Everything from trusting the hardware vendor, the download provider, the developer, and so on are “trusted third parties”…. and I think there is room to create a more adaptive consensus algorithm based on assuming that security risk isn’t black and white (like every system to date.)
Something that seems to have been overlooked in current consensus design is the possibility of using trusted hardware to solve trust problems. I know, I know, I said “trusted” hardware. But if you think about it blockchains are already practically trusted given that it’s beyond our current resources to practically verify them every time we use them.
Protip: See “Ken Thompson hack”
In reality the blockchains we use today rely on a mountain of trust-debt that accumulates to form an informal reputation system. Reputation systems like this are potentially harmful because we don’t know exactly who has what influence, nor how that influence may be exploited in the future…

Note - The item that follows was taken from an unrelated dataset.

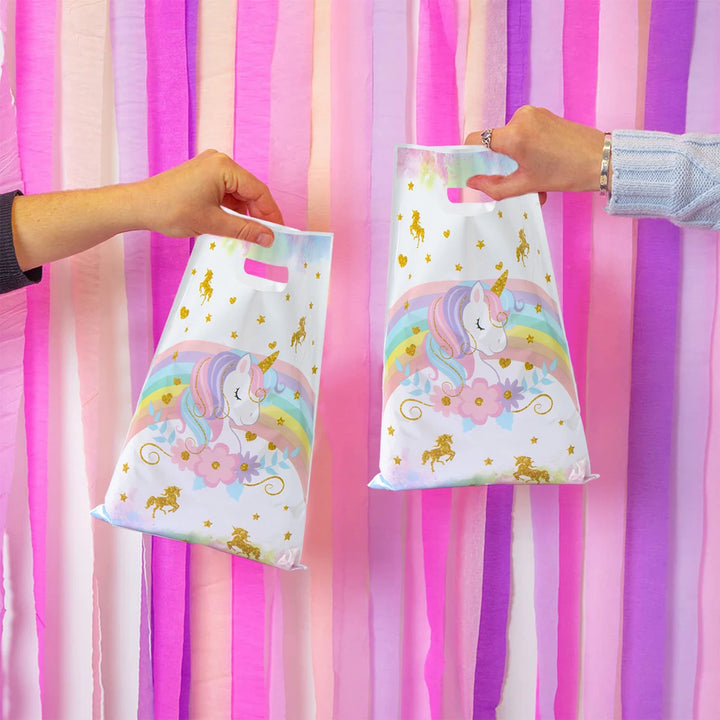 10/25/50pcs Handbag Candy Bags Unicorn Birthday Party Decor Kids Gift Packing Bag 1st Birthday Baby Shower Girl Party Supplies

Because of this, I find it curious that whenever people try talk about trusted systems in the blockchain space, we act like we’re not already using one. In this light trusted hardware doesn’t seem like such a bad option.
I’m not about to say that trusted hardware is some quantum leap forwards in consensus design (it’s not)… But I am saying that it has benefits worth considering. Here are some of the things you can do with Intel’s SGX:
- Run trusted code on untrusted hosts. Use this for a decentralized shapeshift, low-trust dead-mans switch, escrow agents, and so on.
- More elegant soft forks since you can prove who is running what.
- A way to upgrade any blockchains with any rules you like, since you can write rules that are only run by protected routines based on your requirements and there is no trusted, third-party left to hack.
- Distributed, cross-blockchain smart contracts written in any language.
- Scale any existing blockchain by having provable transaction attestations.
- Improve privacy in payment protocols.
- Use it to create decentralized, autonomous agents on public infrastructure with very low trust. You can distribute agents that run entire corporations this way that can be arbitrarily complex, even with private information.
- Use it to share public resources with private organizations, leading to greater decentralization, privacy, along with more efficient markets.
- Solve several unsolved trust problems in decentralized storage systems.
- Poormans Indistinguishability Obfuscation.
- Run near bullet-proof, anonymous, decentralized marketplaces on public infrastructure and store it across obfuscated blackboxes.
- Reduce attacks in the Lightning Network (see Teechan.)
- Potentially a better way to do ICOs as companies building software on decentralized community-run infrastructure would have to depend on their community for hosting so the relationship would be more equal.
- Practical multi-party computation. Not just 1 + 1 between hosts (sorry researchers but that’s really underwhelming.)
- [Your blockchain problem here?]
Yes, indeed, you can do far more with trusted computing in distributed systems then you can with blockchains. So I think it would be a waste to dismiss it completely because of conspiracy theories about Intel.
Tl; dr: To continue to make progress we can’t let dogmatic thinking overcome us, and most of all: we need to be honest about how these systems work in the real world and not just rely on wishful thinking.